The federal rules are currently silent on whether ghostwriting should best be classified as falsification or plagiarism. However, due to another ongoing academic ghostwriting scandal, Congress is investigating the question (Vance, 2007, p. A35). Editors of science journals already agree that ghostwriting is unethical (WAME, 2007).
Churchill's employer, the University of Colorado, addresses ghostwriting more directly, by specifying "Other Violations" that constitute research misconduct, besides fabrication, falsification, and plagiarism (1998):Failure to comply with established standards regarding author names on publications. Other serious deviation from accepted practices in proposing, carrying out, or reporting results from research[.]Furthermore, when Churchill defended himself against plagiarism charges by claiming to have ghostwritten the works in question, he made himself vulnerable to new misconduct charges. Churchill had fabricated and falsified while ghostwriting for others (Brown, 2006, pp. 4-5; Wesson et al, 2006, pp. 23-24, 90-91). Churchill then cited his ghostwritten essays as evidence for arguments in essays that he published under his own name (Wesson et al, 2006).
The CU research misconduct committee observes that this behavior: “permits the author to create the false appearance that his claims are supported by other scholars when, in fact, he is the only source for such claims” (Wesson et al, 2006, p. 90).

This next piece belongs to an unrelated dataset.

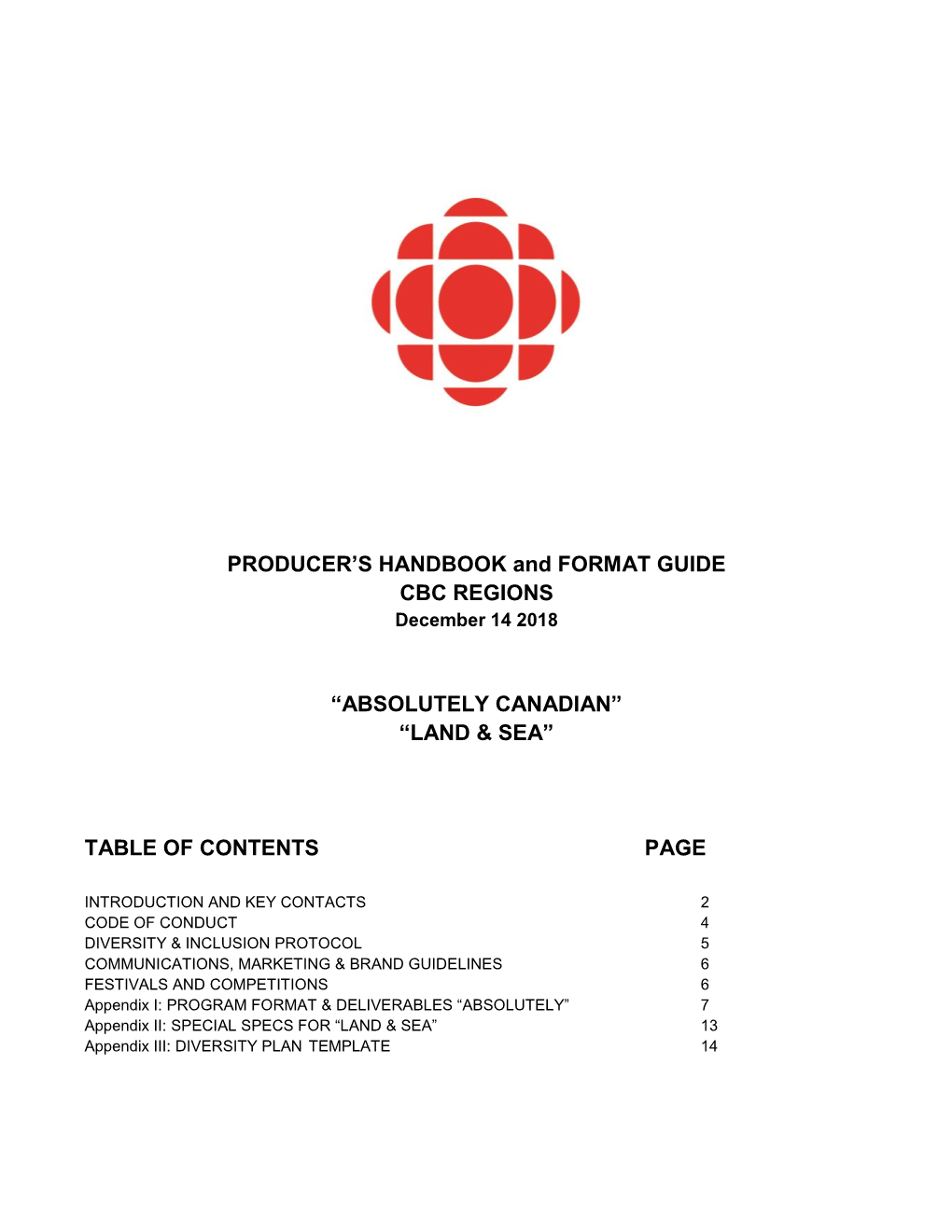 CBC Regions Producers' Handbook and Format Guide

If you accept Churchill's claim that he had the right to reuse material he ghostwrote for Rebecca Robbins and Annette Jaimes without crediting them, then the plagiarism charge transmutes into a fabrication charge. Each of CU's faculty committees has unanimously found Churchill guilty of fabricating data by ghostwriting and self-citation (Wesson et al, 2006, p. 90). However, there remain the two additional charges of plagiarizing essays by Fay Cohen and "Dam the Dams", for Churchill never claimed to have ghostwritten these works. . . .
Excuse Number Four: But I cited the real authors.

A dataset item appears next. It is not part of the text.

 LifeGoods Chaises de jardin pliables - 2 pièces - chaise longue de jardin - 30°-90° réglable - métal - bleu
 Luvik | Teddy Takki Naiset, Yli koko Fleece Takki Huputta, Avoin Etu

In Excuse Number Four, Churchill argues that his appropriation of various essays does not constitute plagiarism because he did, after all, give a citation to the original authors (Wesson et al, 2006, p. 83).
(“But Professor, when I plagiarized Janie’s term paper, I did mention her in the footnotes!”)

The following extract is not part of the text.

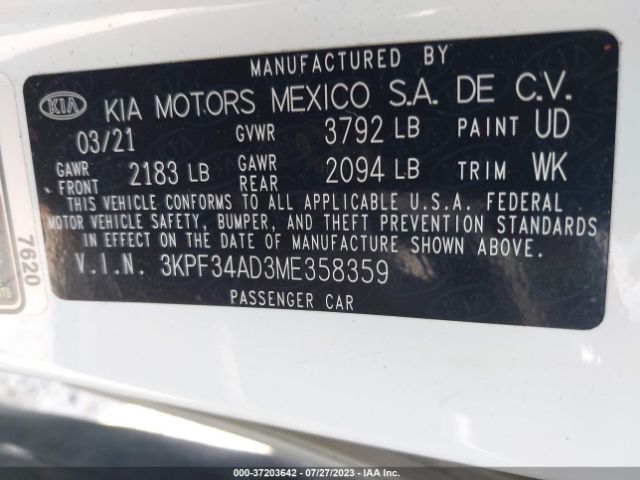 3KPF34AD3ME358359 KIA Forte Gt-line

Of course, if the amount of work that Churchill had appropriated was miniscule [sic]and duly cited, such action could be defined as "scholarship" rather than "plagiarism." Churchill's Excuse Number Four appeals to the fuzziness of the boundary between plagiary and scholarship, inviting the cursory observer to give Churchill the benefit of the doubt.
Excuse Number Four raises an important question: How much can you take from another author, duly cited, without committing plagiarism? Churchill's challenge here is he is charged with plagiarizing extensive swaths of two essays, amounting to the majority of pages in the original. This degree of appropriation is unquestionably a transgression of an admittedly fuzzy boundary, and so all of the CU committees who heard Churchill's case have sanctioned him for plagiarizing both essays.
Excuse Number Five: It’s all the editors’ fault. For some reason they gave me authorship credit I didn't deserve.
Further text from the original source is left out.